* YOUR OBJECTIVE:
What you return must be exactly the lines from the beginning of the material through the line containing "Les Brown Quotes: Sometimes", both included, and no pictures.

▬▬▬▬▬▬▬▬▬▬

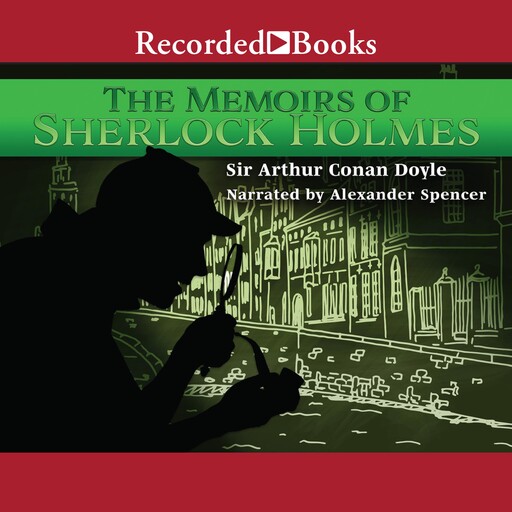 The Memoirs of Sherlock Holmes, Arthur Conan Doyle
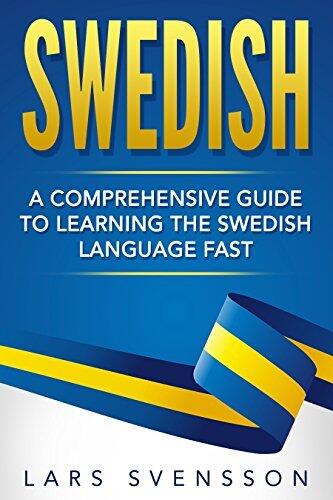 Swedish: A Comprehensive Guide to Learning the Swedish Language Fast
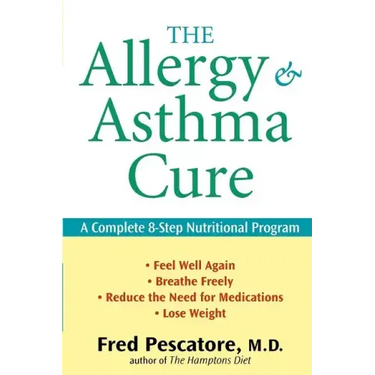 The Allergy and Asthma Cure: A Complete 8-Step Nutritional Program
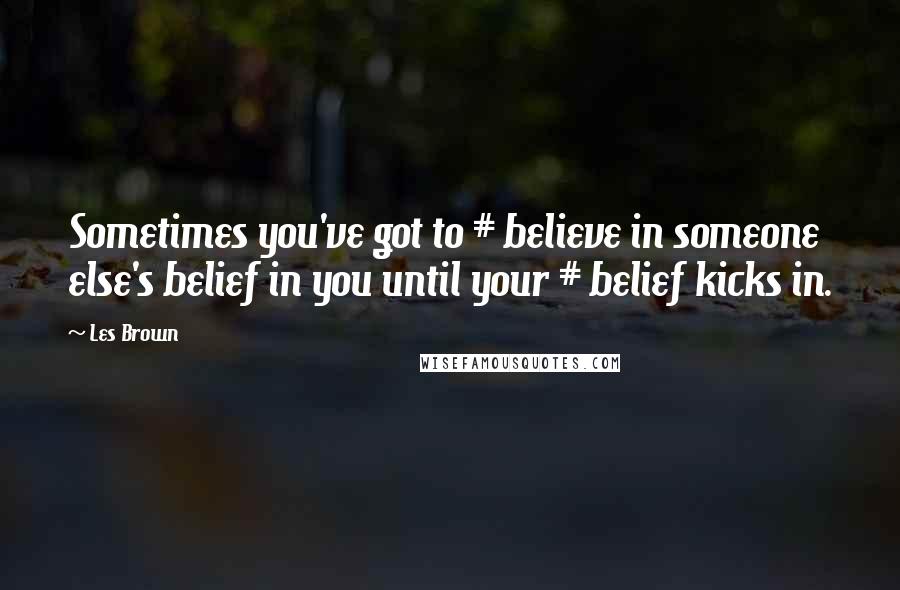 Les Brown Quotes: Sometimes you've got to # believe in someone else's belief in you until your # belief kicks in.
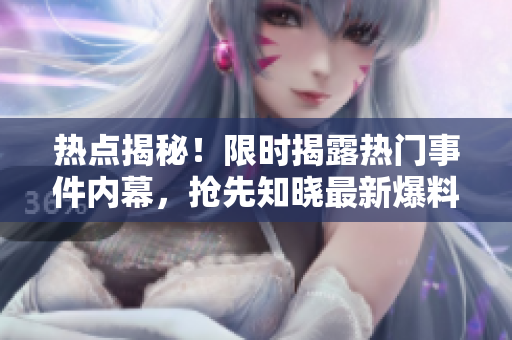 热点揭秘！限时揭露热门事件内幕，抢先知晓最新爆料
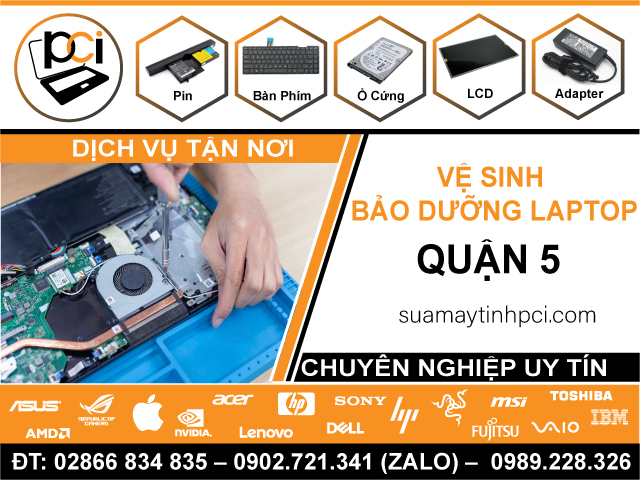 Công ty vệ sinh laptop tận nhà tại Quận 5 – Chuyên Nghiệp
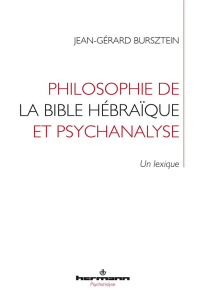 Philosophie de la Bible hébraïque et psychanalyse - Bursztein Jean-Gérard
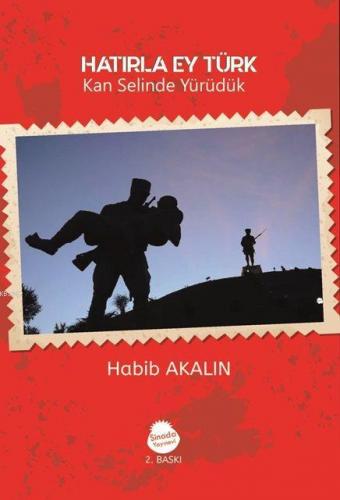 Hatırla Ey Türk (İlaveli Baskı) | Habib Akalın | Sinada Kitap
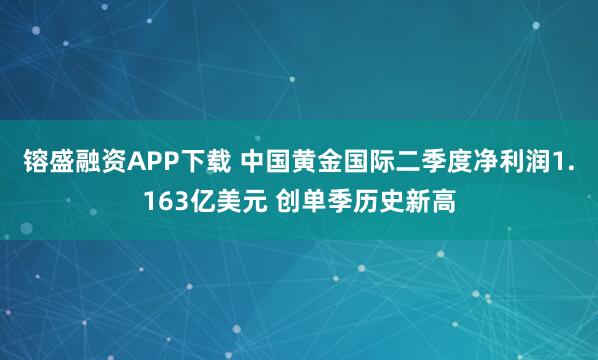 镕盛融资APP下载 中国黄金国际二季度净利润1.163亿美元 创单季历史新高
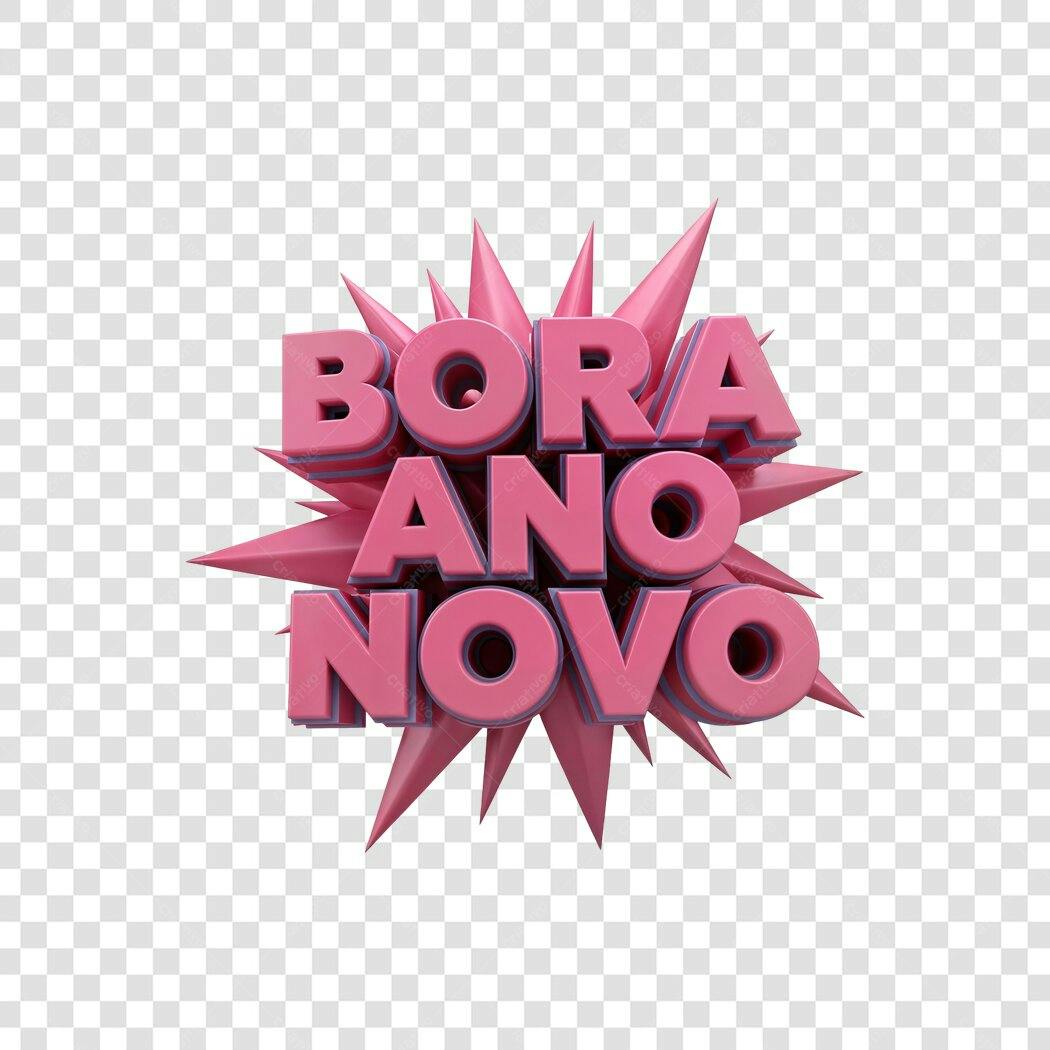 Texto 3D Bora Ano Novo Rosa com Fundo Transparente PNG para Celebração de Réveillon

▬▬▬▬▬▬▬▬▬▬

* WRITTEN SOLUTION:
 The Memoirs of Sherlock Holmes, Arthur Conan Doyle
 Swedish: A Comprehensive Guide to Learning the Swedish Language Fast
 The Allergy and Asthma Cure: A Complete 8-Step Nutritional Program
 Les Brown Quotes: Sometimes you've got to # believe in someone else's belief in you until your # belief kicks in.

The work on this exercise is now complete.